Home Heat Exchangers for Pool

Rob

Well-known member
May 23, 2007
165
Has anyone ever seen one of these?

Thinking about this tonight, it seemed to make sense. We have a house with no AC and a pool with no heater. Instead of running a big AC keeping your house cool, and a heater heating your pool, why not use a heat pump that cools your house and heats your pool at the same time?

Anyone attempted this or heard of something like this?
 

nocaster

Well-known member
May 18, 2007
53
Enid, Oklahoma
I've often wondered if an A/C condenser unit could circulate pool water around the coils to transfer the heat from the house into the pool. This would turn the pool into a large heat sink for the house.
 

matt4x4

Well-known member
Apr 2, 2007
312
Ditto, I can't try it though, my AC is about 350 feet from my pool....My neighbour's pool would be a lot closer.....
 

haze

Well-known member
May 13, 2007
51
New Jersey
I can think of a major problem with this idea.

A house has a finite amount of heat to remove.

Once you have cooled it down, no more heat !

It is one fo those, "looks great on paper" ideas.
 

lovingHDTV

LifeTime Supporter
May 25, 2007
529
Round Rock, TX
haze said:
I can think of a major problem with this idea.

A house has a finite amount of heat to remove.

Once you have cooled it down, no more heat !

It is one fo those, "looks great on paper" ideas.
Then why does my AC keep coming on every 45min or so? The sun keeps putting heat into it. I too have wondered about using the ac coil to heat the pool. Unfortionately for me, the pool gets into the 90's as is, so I want to cool it :roll:
 

kirbinster

Well-known member
Apr 30, 2007
293
NJ
I think you hit the nail on the head there! The peak demands are exactly opposite. You could do it, but after factoring the cost don't think it would be great.
 

Rob

Well-known member
May 23, 2007
165
Well, I don't think this would work everywhere, but I'm up in Canada, where our "hot" season doesn't last quite as long, and our pool presumably won't get to a temperature where it is too hot.

Ideally you could have a dual system, pumping heat into the pool, or just operating as a standard A/C. Alternatively, you could "cool" your heat reservoir (pool) at night by circulating it through a diffuser (some people use solar panels).

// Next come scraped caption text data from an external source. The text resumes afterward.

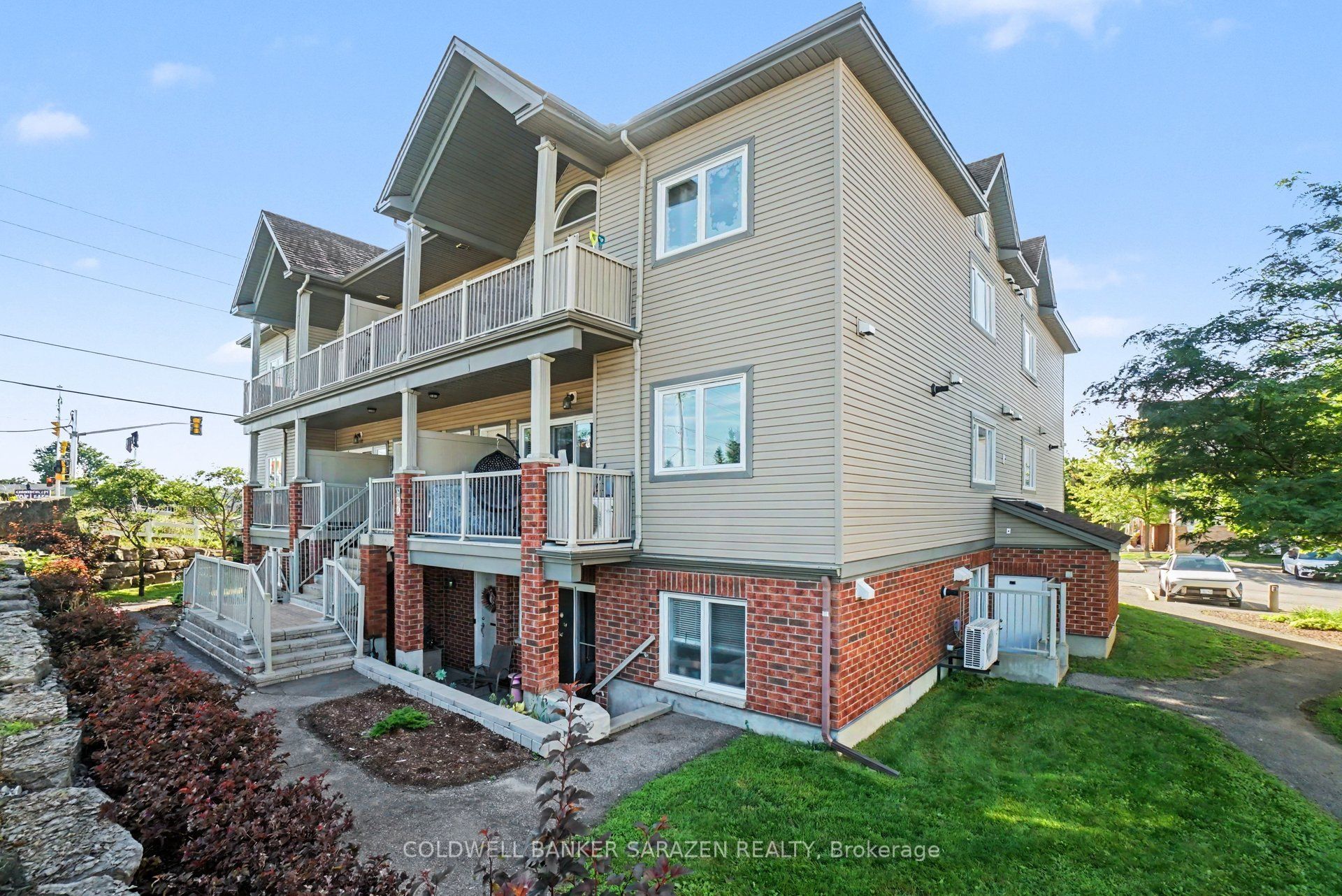 920 White Alder Avenue D, Blossom Park - Airport and Area, ON K1T 0K5 photo 2
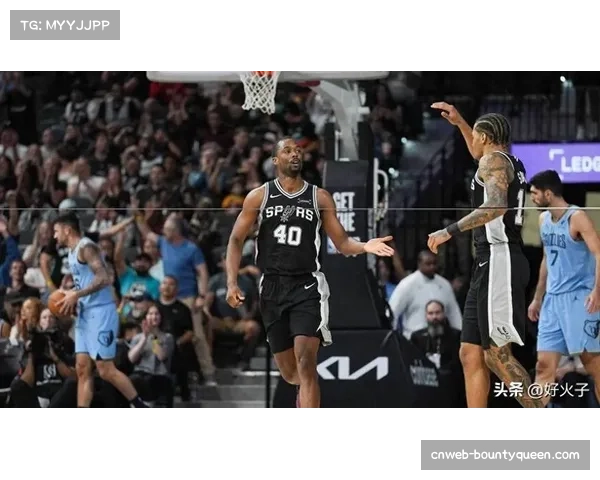 马刺八人得分上双团队爆发 极致分享球能力展进攻体系成熟度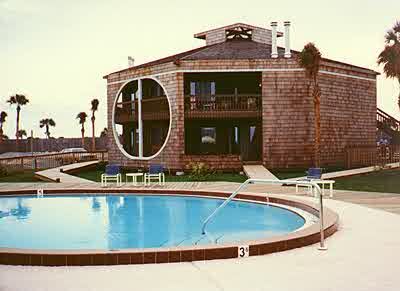 Pool at Hibiscus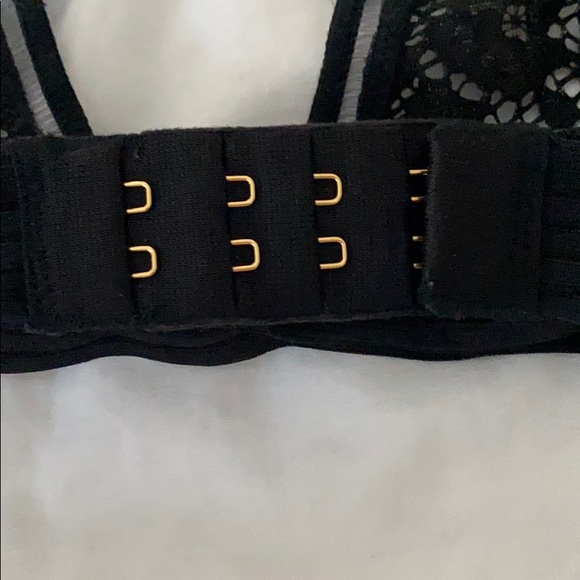 Victoria's Secret Very Sexy Bralette - Picture 5 of 6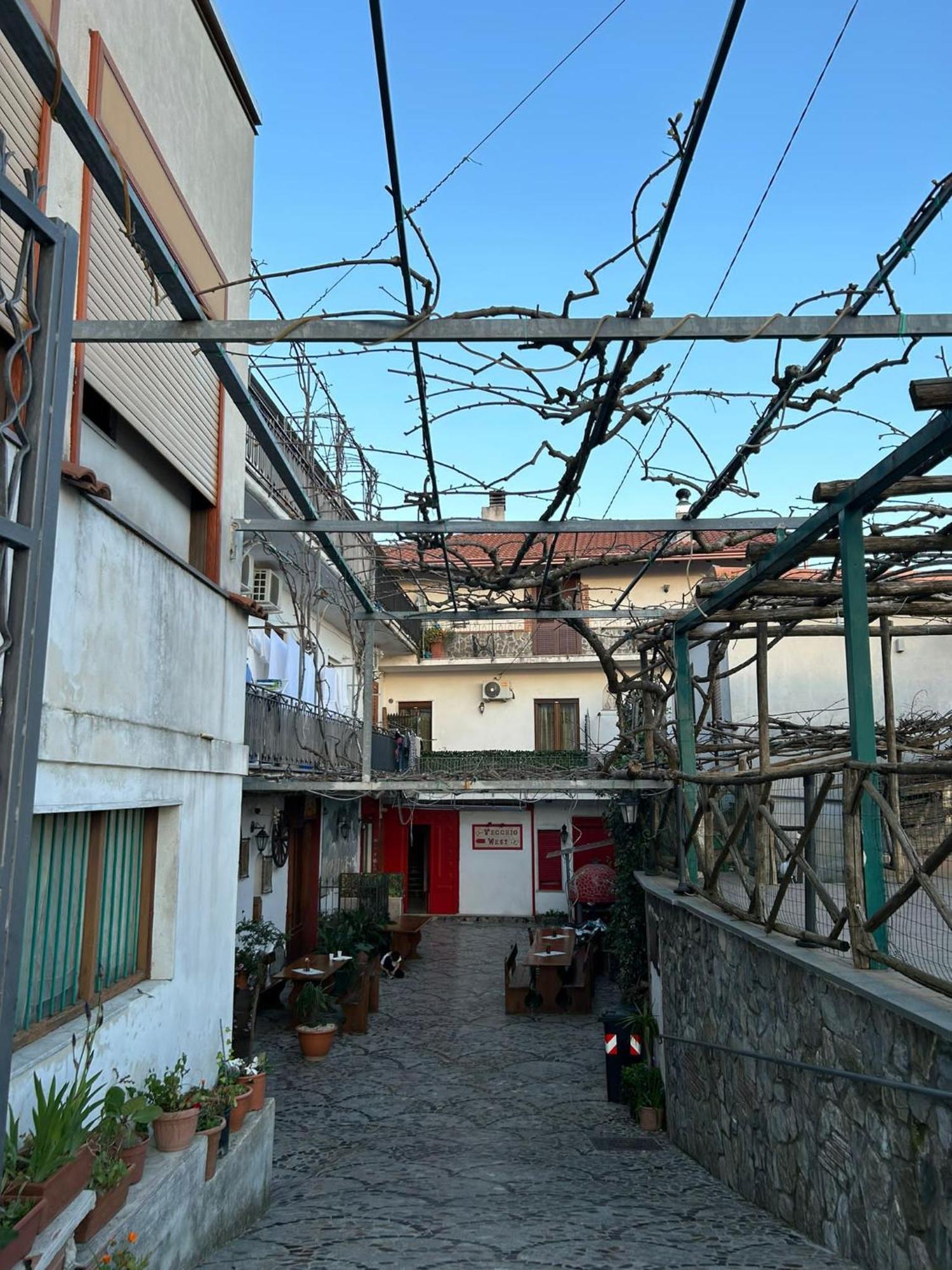 Vecchio West Agerola Exterior foto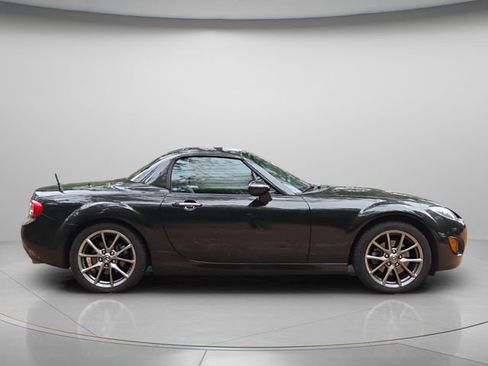 Used 2011 MAZDA MX-5 Miata Grand Touring RWD image 6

I looked at the site links, and most of the products listed don't seem to tye into the house, they are just stand alone, and pull heat from the air.

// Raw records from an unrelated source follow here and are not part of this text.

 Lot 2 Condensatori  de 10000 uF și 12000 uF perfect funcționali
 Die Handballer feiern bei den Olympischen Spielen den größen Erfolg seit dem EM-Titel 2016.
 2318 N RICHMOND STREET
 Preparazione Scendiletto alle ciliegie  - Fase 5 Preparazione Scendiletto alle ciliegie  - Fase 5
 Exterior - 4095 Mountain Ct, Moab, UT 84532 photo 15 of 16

I guess the big time this would be helpful is on those days early/late in the season when you end up running both your A/C and your pool heater at the same time, which just seems like a waste.

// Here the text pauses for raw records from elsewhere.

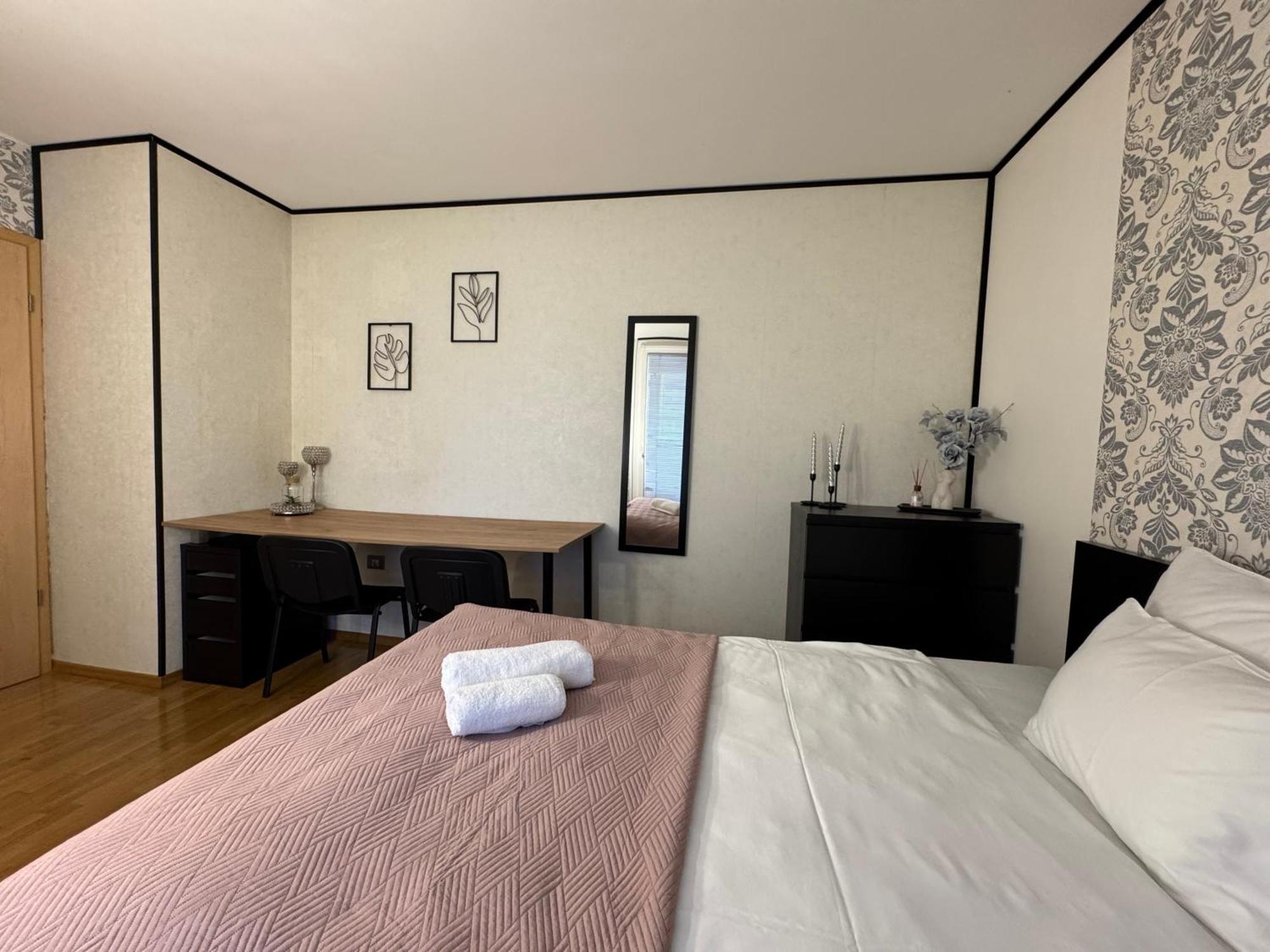 Titanium Apartment Изола Екстериор снимка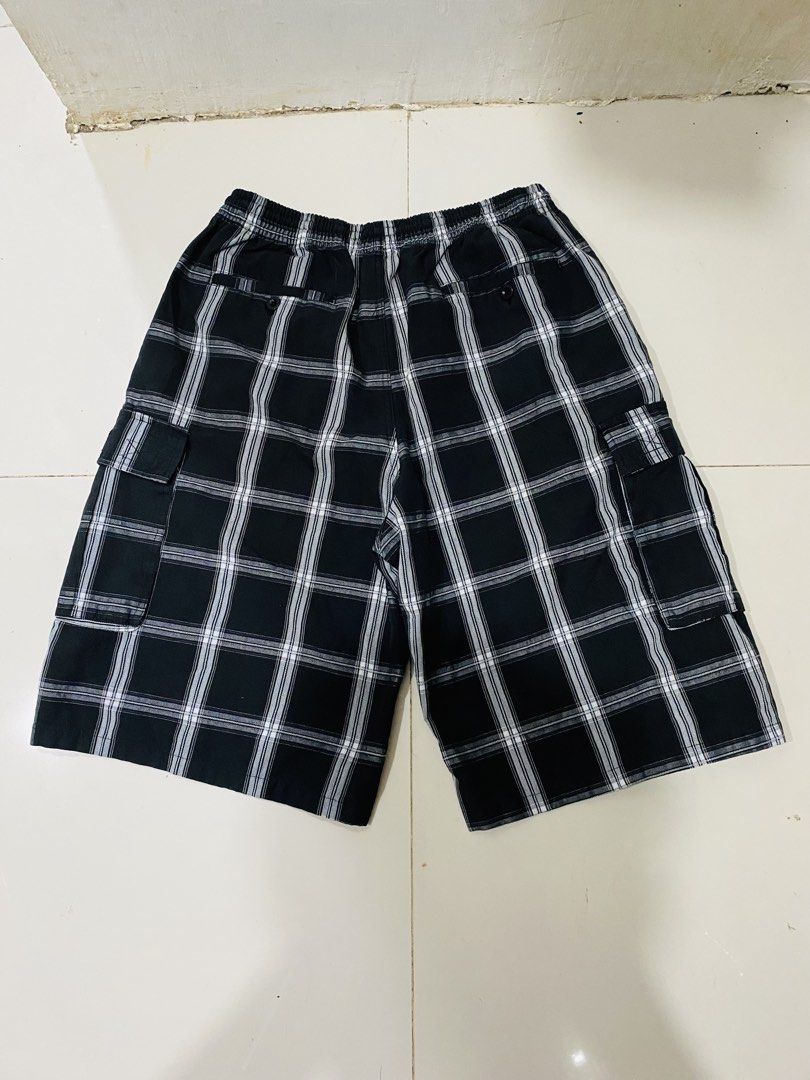 Shaka Wear Plaid Cargo Shorts (Category: Shorts) located in Manila. Submitted by alsytan (Listing ID 1436787764, Image 3). Description: - Shaka Wear cargo shorts - Black and white plaid pattern - Two cargo pockets - Elastic waistband - Length: Approximately 23 inches - Waist: Approximately 12 inches - Brand tag visible.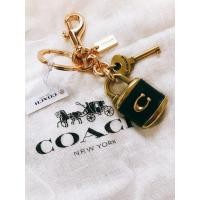 ราคา Coach แท้ ✔️ พร้อมส่ง พวงกุญแจห้อยกระเป๋า | Coach Lock and Key Bag Charm (2864144610)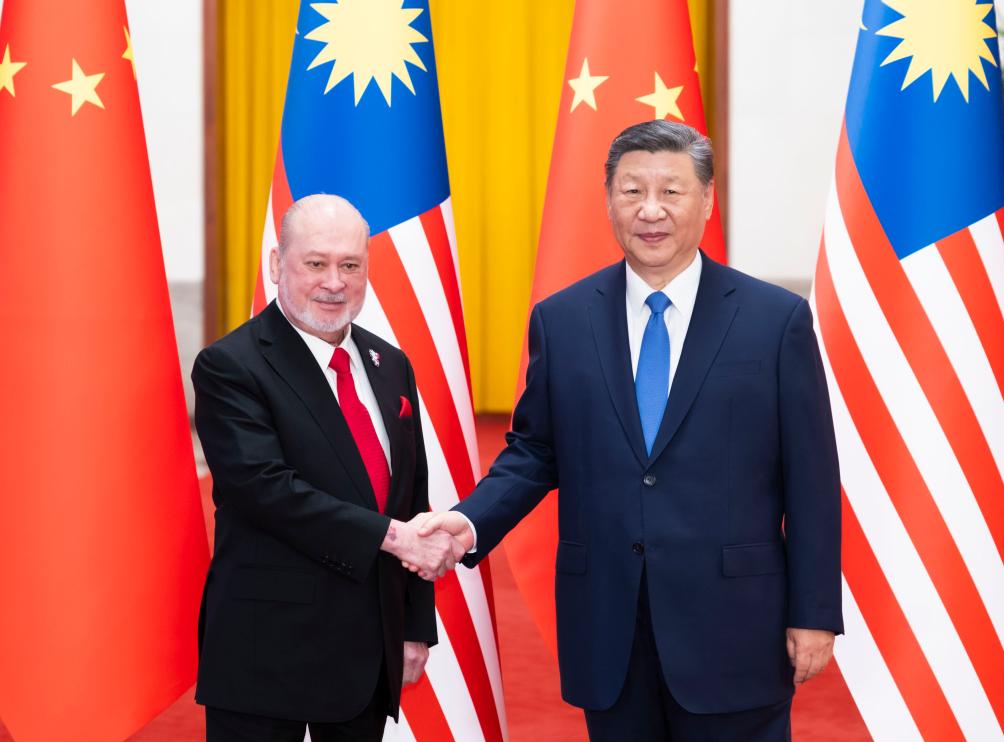 Xi se reúne con rey de Malasia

A low tech solution I guess would simply be to mount solar panels on the roof of the house, and absorb some of the heat from the sun instead of the house absorbing it.
 

MarkC

Well-known member
May 14, 2007
57
I'm sure with enough money and a very good HVAC contractor you could do what you propose but it would not be cheap and the installation to tie in all the components would be pricey.
 

fredness

New member
Jun 11, 2009
1
I had a similar idea. The pool pump uses an electric motor that is hot while it runs. Capturing that heat could warm the pool water for several hours every day. Diffusing the heat would also allow the motor to run cooler and last longer. The trick would be to design an in line coil system to go around the motor or through a heat sink. The volume of water needs to be taken into account. Copper or aluminum transfer heat well but might corrode if exposed to pool chemicals for an extended period of time. Does anyone think this could be made cost effective? 1" copper tubing is approx $5/ft.
 

JasonLion

TFP Expert
Platinum Supporter
LifeTime Supporter
May 7, 2007
37,880
Silver Spring, MD
fredness, welcome to TFP!

The amount of heat put out by the pump is so low, that it would be difficult to justify adding any complexity to the system to get that heat somewhere more useful.

Even the amount of heat available from cooling an entire house, far more than the pump puts out, is low relative to the amount of heat you need for a pool.